The algorithm \({\textsc {ComputeExtreme}}\) has been implemented by Allamigeon in the library TPLib (Tropical Polyhedral Library) written in OCaml [9]. Table 2 reports some experiments for different classes of tropical cones: (i) samples formed by several cones chosen randomly (referred to as rnd\(x\) where \(x\) is the size of the sample), (ii) and the polars of signed cyclic cones which are known to have a very large number of extreme elements [11]. For each cone, the first columns respectively report the dimension \(d\), the number of half-spaces \(p\), the size of the final set of extreme rays, the mean size of the intermediate sets, and the execution time \(T\) (for samples of “random” cones, we give average results).
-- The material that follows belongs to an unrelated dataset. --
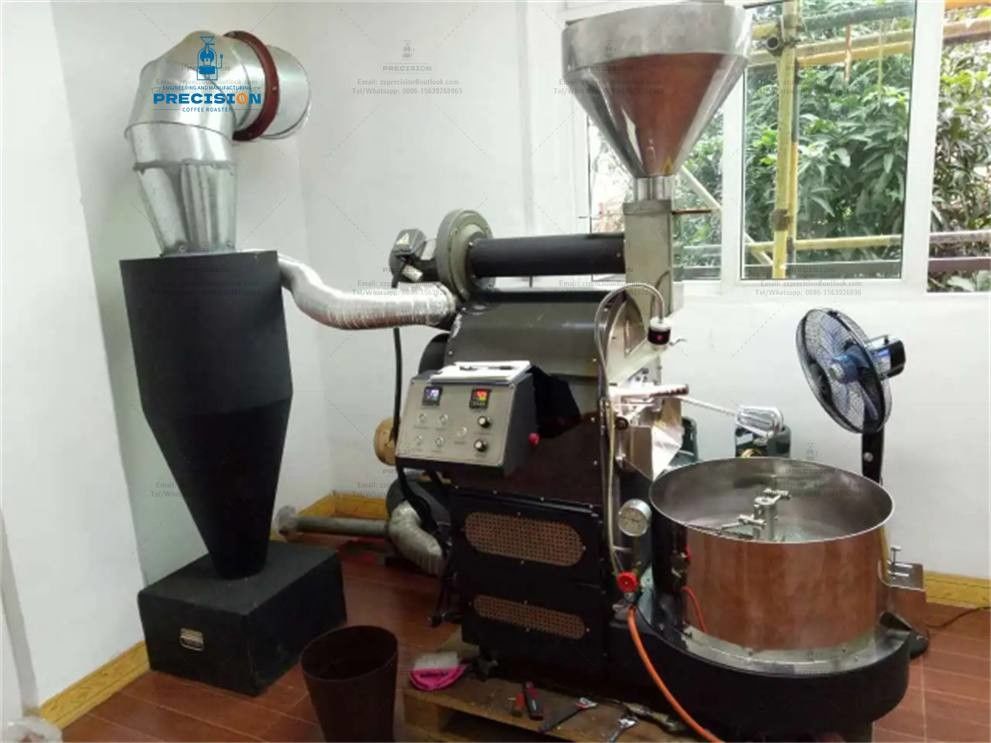 Commerciale industriale Automatico 20Kg 30Kg 60Kg Multi Burner Infrarosso Gas elettrico Caffe Nut Coffee Bean Roaster Machine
Table 2 Execution time benchmarks of TPLib on a single core of a \(3 \,\mathrm{GHz }\) Intel Xeon with \(3 \, \mathrm{Gb }\) RAM

In our implementation, inequalities are dynamically ordered during the execution: at each step of the induction, the inequality \(\varvec{a} \varvec{x} \le \varvec{b} \varvec{x}\) is chosen so as to minimize the number of combinations \((\varvec{a}\varvec{v}^j)\varvec{v}^i \oplus (\varvec{b} \varvec{v}^i) \varvec{v}^j\). Note that this strategy does not guarantee that the size of the intermediate sets of extreme elements is smaller. However, it reports better results than without ordering.

We compare our algorithm with an implementation of the algorithm of [2, 21] incorporating the optimizations in [7], whose execution time \(T^{\prime }\) is given in the seventh column. When the number of extreme rays is of order of \(10^4\), the second algorithm needs several days to terminate. For instance, its execution have lasted \(45\) days on the signed cyclic cone with the parameters \(d = 20\) and \(p = 8\), while our algorithm \({\textsc {ComputeExtRays}}\) has returned in only \(690\) seconds. Therefore, for some extreme cases (for instance \(d \ge 30\)), the comparison could not be made in practice.

The ratio \(T/T^{\prime }\) illustrates that our algorithm brings a breakthrough in terms of execution time, which confirms the discussion of Sect. 6.1. Recall that the main difference between the two algorithms lies in the criterion of elimination of non-extreme vectors, which can be evaluated in time \(O(p d \alpha (d))\) (Theorem 12) and \(O(d |V |^2)\) respectively. As indicated by the experiments, the term \(|V |^2\) is by far dominating, so that our algorithm benefits from relying on an extremality criterion which does not depend on this factor. This shows that the result of Theorem 1 is interesting not only in theory but also in practice.